The Case for Durable Messaging in Service Orientation

Nick jumps on the durable messaging bandwagon, pointing out that it’s HUGE. Not just huge, or Huge but HUGE. But for my taste, he could emphasis it even more – HUGE – and still not capture just how important I think durable messaging is. But while he could use more bolding and italics, he certainly explains the problem well:

The reason that [reliability] becomes a problem in SOA is because the basic strength of SOA is the message, and the weakest link is the mechanism used to move the message. If we create a message but we cannot be certain that it gets delivered, then we have created a point of failure that is difficult to surpass.

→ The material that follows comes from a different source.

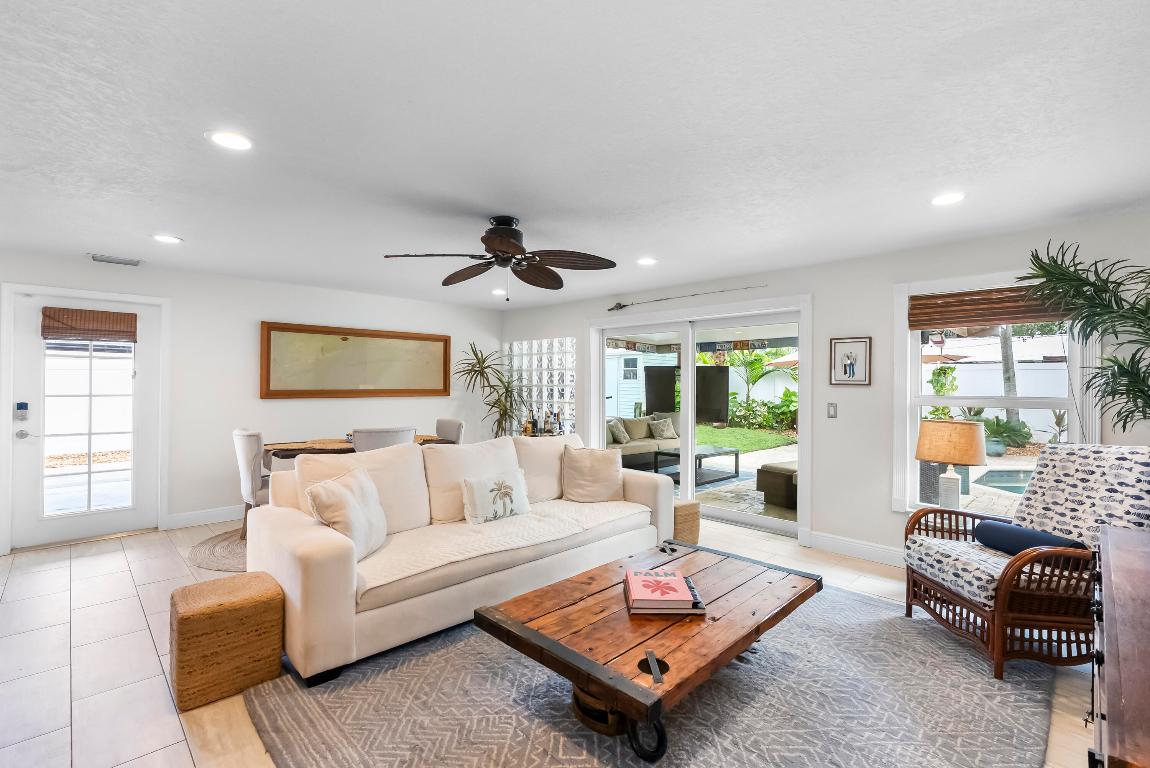 1521 Venus Jupiter, FL 33469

Durable messaging solves two fundamental reliability issues:

  1. Transactional Message Send. I want to send a message to some external service as part of a transaction. That is, I only want to send the message if the transaction commits. If the transaction aborts, I don’t want to send the message. The only way to do this is to durably record the intent to send the message within the transaction and then deliver the message after the transaction successfully commits.
  2. External System Unavailable. I’m sending a message to an external service that is unavailable at the moment. Maybe it’s a temporary network condition, maybe it’s scheduled downtime, maybe the data center burned down, I don’t know. But because the message is durably stored, I can retry long after the sending transaction has committed. Furthermore, I can continue to retry (until success of course) even if my sending system reboots, fails over to a hot standby or has to be restored from backup (assuming you backed up after message was sent).

However, Nick points out that reliability has to be considered as part of our design, so do Agility, Flexibility, Scalability, Maintainability, etc. etc. etc. Agility and flexibility require standard transport protocols while scalability and maintainability require intermediation. Unfortunately, at this time there is no standard transport that provides intermediation and durability. Nick says that Microsoft’s “platform is lacking here”, but I’d say it’s an industry wide problem.

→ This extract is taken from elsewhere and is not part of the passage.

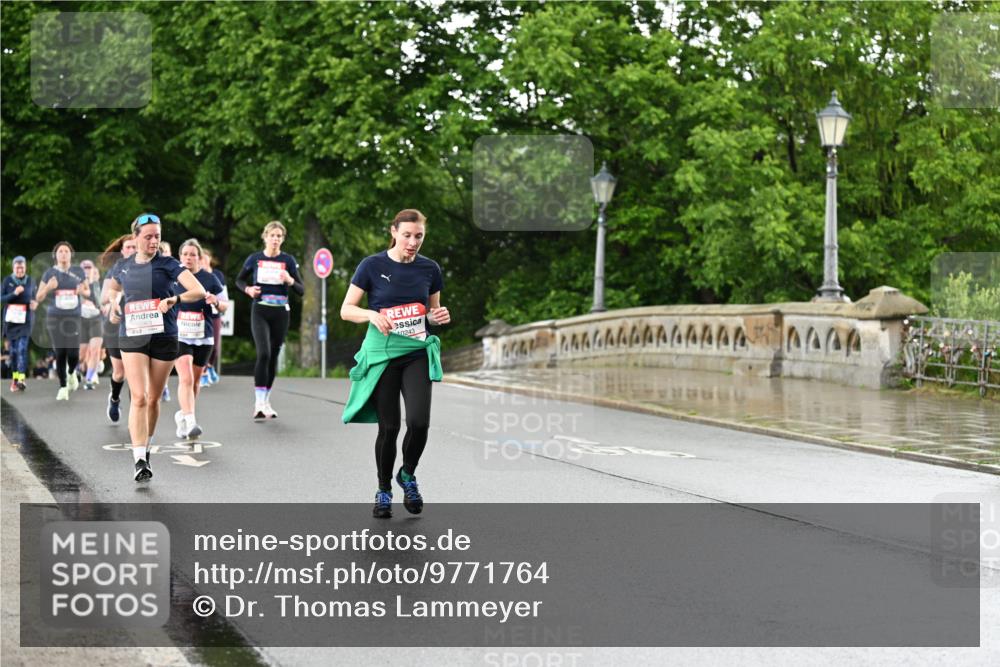 14.06.2026 - REWE Women's Run Dr. Thomas Lammeyer http://msf.ph/oto/9771764 14.06.2026 09:49:52 Laufen 10243 meine-sportfotos.de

Nick mentions least three Microsoft technologies that provide some sort of durable messaging – MSMQ, SSB and BizTalk – but they’re all proprietary. The market leader in this space is MQ Series, which is also proprietary. WS-RM was supposed to be support durable messaging, but doesn’t. There is the Advanced Message Queuing Protocol group, which is defining an open protocol for MQ style systems, but without involvement from any major platform vendors I’m hard pressed to see this go anywhere. Personally, I’d love to see the SSB protocol published, and apparently the SSB wire protocol was designed “to be completely SQL Server agnostic.” Here’s hoping that happens.

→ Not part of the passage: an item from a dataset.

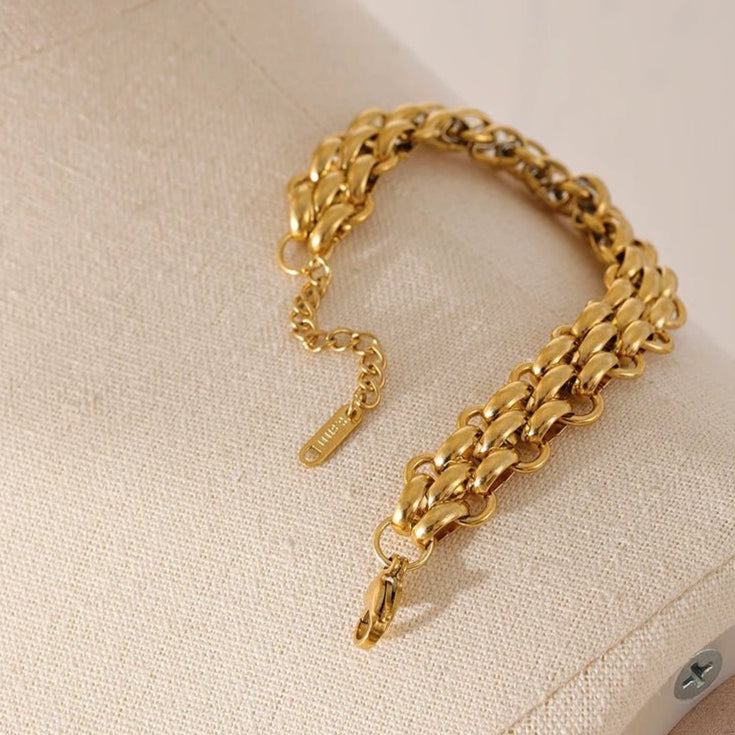 bracelet-plaqué-or-puissance-et-style-en-chaîne-cubaine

Nick goes on to call WCF “immature” because of the lack support for message durability. I think that’s somewhat unfair: I think it’s WS-* that’s immature here, not WCF. It’s easy to confuse the two since they’re so joined at the hip in WCF v1. But WCF’s support for MSMQ shows that it can handle durable messaging, even though there is no usable standard for durable messaging in the WS-* stable. Over time, I think WCF will evolve to support a larger variety of messaging scenarios – WS-*, REST, durable messaging, etc. – out of the box. But for those of us who care deeply about durable messaging, WCF’s current lack of support is pretty frustrating.